Bu nedenle, KDV Kanununun 1, 4 ve 5 inci maddelerinin lafız ve gerekçelerine bakıldığında bankanın promosyon/teşvik kapsamında şirketleri kendi portföyüne çekmek için yaptığı ödemelerin bir hizmet olarak değerlendirilemeyeceğini düşünüyoruz. Söz konusu bankalar tarafından ithalatına aracılık yaptığı şirketlere aktarılan bu tutarların banka açısından ticari faaliyetini geliştirmek için katlanılan bir pazarlama, satış gideri, ithalatçı şirket açısından ise Kurumlar Vergisine tabi bir gelir olarak dikkate alınacağı tabiidir.  

Ayrıca, banka ve sigorta şirketlerinin Finansal Kiralama Kanununa göre yaptıkları işlemler hariç olmak üzere, bankerlerin yapmış oldukları banka muamele ve hizmetleri nedeniyle kendi lehlerine almış oldukları paralar 3065 sayılı Katma Değer Vergisi Kanununun madde 17/4-3 uyarınca KDV’den istisna edilmiştir. Bankaların ticari faaliyetlerini geliştirmek amaçlı vermiş olduğu teşvik veya promosyonları, KDV uygulama tebliğinde açıklanan promosyon hizmetlerine benzer nitelikte değildir.  Bu nedenle, işlem olarak KDV den istisna olan bir konu ile ilgili olarak verilen bir teşvik veya promosyonun muhakkak surette bankanın yarattığı ancak vergiden istisna edilen katma değerin bir uzantısı olarak ele alınması gerektiği ve KDV’ye tabi olmayacağı da değerlendirilebilir.  

Ayrıca yapılan incelemeler nedeniyle rapor değerlendirme komisyonlarında gerekçesi olarak ithalatçıların ithalat bedeline aracılık yapılması amacıyla bankaya bir finansman imkanı sağlandığı bunun da post finansman hizmeti olarak değerlendirilerek, banka tarafından alınan primlerin post finansman hizmeti sunumunun bir sonucu olarak KDV’ye tabi olduğu gibi argümanların ileri sürüldüğü görülmüştür.
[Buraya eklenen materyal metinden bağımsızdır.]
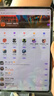努比亞紅魔電競平板3Pro 9.06英寸OLED電競屏 驍龍8至尊版 8200mAh電池 minipad 游戲平板 16GB+512GB銀翼版 曬單實(shí)拍圖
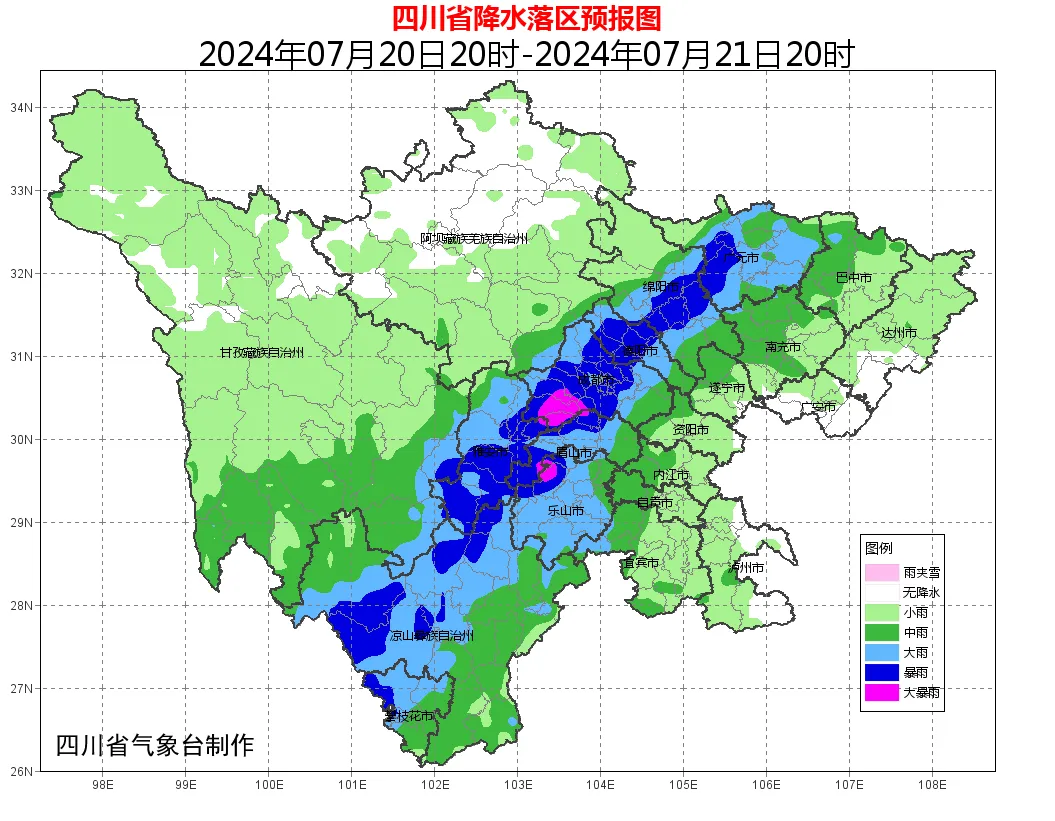 20240715202108front2_0_93191_FrhMZBTTUwobl9iAOWMLSgmamiDp.png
Ancak böyle bir durumda bankalara yatırılan mevduatın karşılığı alınan faiz tutarlarının da bir hizmet sunumu olarak KDV’ye tabi tutulma sonucunu doğuracağı açıktır ki mevcut KDV mevzuatı ve buna paralel uygulamada bankalara yatırılan mevduat nedeniyle bankaya verilen bir hizmet söz konusu olmayıp yapılan işlem bankaya para yatırılarak paranın değerlendirilmesi işlemidir. Bu işlemde bir hizmet ifasından bahsetmek mümkün olmayıp tam tersi mevduatı değerlendirerek sahibine faiz ödeyen şirket bu değerlendirme örneğin kredi vermek suretiyle elde edeceği gelir KDV Kanunun 17/4-e kapsamında KDV’den istisnadır.  Dolayısıyla, ithalatçıların ithal bedellerini ödemeleri nedeniyle ilgili bankaya para yatırması ve karşılığında promosyon olarak prim elde etmesi ile bankaya mevduat yatırıp faiz geliri elde etme arasında özellikle post-finansman açısından bir fark yoktur. Buradaki her iki tür gelir de ticari kazanca dahil edilerek vergiye tabi tutulması gerekirken, herhangi bir hizmetin karşılığı olmayan bu tutarlar üzerinden KDV hesaplanması hem KDV Kanununun ilgili maddelerinin lafzı hem de ruhu olarak ifade ettiğimiz gerekçesi ile uyumlu olmayacaktır.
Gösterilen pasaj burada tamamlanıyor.